A question about fixed point theorem

Question

how to prove this theorem how to prove first if the sequence is there that is Cauchy...thanks

Answer 1

We proceed in analogy to Banach's fixed point theorem.

1. Existence.

Let $n$ be a natural number. $$ d(T^n x, T^{n+1} x) \le \lambda(d(T^{n-1}x, T^n x) + d(T^n x, T^{n+1} x)), $$ so $$ (1-\lambda) d(T^n x, T^{n+1} x) \le \lambda d(T^{n-1}x, T^n x) \Leftrightarrow d(T^n x, T^{n+1} x) \le \frac{\lambda}{1-\lambda} d(T^{n-1}x, T^n x) \le \left( \frac{\lambda}{1-\lambda} \right)^n d(x,Tx) $$ by induction.
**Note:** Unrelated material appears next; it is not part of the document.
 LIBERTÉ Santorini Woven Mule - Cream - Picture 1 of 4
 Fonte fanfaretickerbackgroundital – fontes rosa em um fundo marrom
Define $\kappa := \frac{\lambda}{1-\lambda}$. By assumption, $$ 0 < \kappa < 1. $$ Hence, by the triangle inequality, whenever $m > n$, $$ d(T^m x, T^n x) \le \sum_{k=n+1}^m d(T^k x, T^{k+1} x) \le d(x,Tx) \sum_{k=n+1}^\infty \kappa^k \\ = \kappa^{n+1} d(x,Tx) \frac{1}{1 - \kappa}, $$ so that $T^n x$ is Cauchy, hence convergent to some $x^*$. This is also a fixed point since $$ d(T x^*, x^*) = d (T \lim_{n \to \infty} T^n x, x^*) = d (\lim_{n \to \infty} T^{n+1} x, x^*) = d(x^*, x^*) = 0, $$ applying the continuity of $d(\cdot, x^*)$ and $T$; the former is proved using the triangle inequality.

2. Uniqueness

Let $x, y$ be fixed points. Then $$ d(x,y) = \le \lambda(d(x,Tx) + d(y,Ty)) = 0, $$ so $x = y$.